Ms Amanda Roxburgh, senior researcher at the National Drug and Alcohol Research Centre, and co-authors conducted a study analysing trends in prescriptions for morphine and oxycodone, hospital separations for overdose, treatment episodes related to morphine or oxycodone, and the number of oxycodone-related deaths.
They found that between 2002-03 and 2007-08, morphine prescriptions decreased by about 20 per cent compared with a 152 per cent increase in prescriptions for oxycodone. Prescriptions for both were highest among older Australians.
Ms Roxburgh said the study showed that treatment episodes for morphine remained stable, while those for oxycodone increased, and that 90 per cent of the 465 oxycodone-related deaths recorded during 2001-09 involved either the use of the drug in combination with other opioids, benzodiazepines and alcohol, or the contribution of concomitant medical conditions.
“There is a continued need for comprehensive training of general practitioners in assessing patients with chronic non-malignant pain and prescribing of opioids for these patients, to minimise the potential harms associated with use of these medications,” Ms Roxburgh said.
In an accompanying editorial in the MJA, Prof Wayne Hall, from the Centre for Clinical Research at the University of Queensland, writes that simple strategies are available to policymakers and doctors that can reduce harms from misuse of pharmaceutical opioids.

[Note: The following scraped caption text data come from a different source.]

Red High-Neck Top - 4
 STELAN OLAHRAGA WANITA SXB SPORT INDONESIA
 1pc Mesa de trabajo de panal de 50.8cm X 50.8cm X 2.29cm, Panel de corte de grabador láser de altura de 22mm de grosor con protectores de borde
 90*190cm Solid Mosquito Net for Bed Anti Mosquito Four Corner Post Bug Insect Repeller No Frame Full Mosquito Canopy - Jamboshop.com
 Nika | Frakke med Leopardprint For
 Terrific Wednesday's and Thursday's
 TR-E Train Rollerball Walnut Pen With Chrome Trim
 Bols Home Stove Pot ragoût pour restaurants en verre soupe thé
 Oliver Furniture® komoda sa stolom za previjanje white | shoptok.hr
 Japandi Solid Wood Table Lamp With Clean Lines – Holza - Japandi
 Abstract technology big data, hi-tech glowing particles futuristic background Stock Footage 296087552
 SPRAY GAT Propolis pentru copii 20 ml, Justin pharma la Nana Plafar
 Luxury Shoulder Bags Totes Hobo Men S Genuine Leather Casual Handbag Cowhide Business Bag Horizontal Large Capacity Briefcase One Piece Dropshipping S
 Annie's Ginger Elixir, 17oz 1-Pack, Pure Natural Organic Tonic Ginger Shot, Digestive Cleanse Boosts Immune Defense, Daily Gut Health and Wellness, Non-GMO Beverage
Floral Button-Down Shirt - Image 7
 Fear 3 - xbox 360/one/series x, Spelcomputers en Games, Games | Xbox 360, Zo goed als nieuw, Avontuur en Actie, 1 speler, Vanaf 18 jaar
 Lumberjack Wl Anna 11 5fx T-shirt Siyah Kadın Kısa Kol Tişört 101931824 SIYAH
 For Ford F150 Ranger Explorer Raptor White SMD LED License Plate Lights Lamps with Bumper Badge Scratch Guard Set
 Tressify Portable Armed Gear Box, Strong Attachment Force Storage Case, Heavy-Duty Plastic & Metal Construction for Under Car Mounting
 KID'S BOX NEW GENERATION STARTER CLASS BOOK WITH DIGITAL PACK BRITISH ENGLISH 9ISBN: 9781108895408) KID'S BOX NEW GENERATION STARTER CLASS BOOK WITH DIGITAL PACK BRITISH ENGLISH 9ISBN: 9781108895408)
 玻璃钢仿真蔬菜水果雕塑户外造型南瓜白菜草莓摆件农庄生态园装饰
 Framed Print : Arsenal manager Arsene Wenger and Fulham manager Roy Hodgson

“Whatever policies are implemented, it is essential that we assess rigorously their impacts on both the quality use of these medicines in relieving chronic pain and on the harms arising from their inappropriate use,” Prof Hall said.
In a Letter to the Editor, Dr Mark Awerbuch, a rheumatologist in Adelaide, advocates that a signed patient-doctor agreement should be mandatory in Australia before the prescription and dispensing of opioids for chronic non-cancer pain.
“A review of prescription guidelines for opioid analgesics in chronic non-cancer pain might reduce the epidemic of prescription drug misuse and mortality,” Dr Awerbuch said.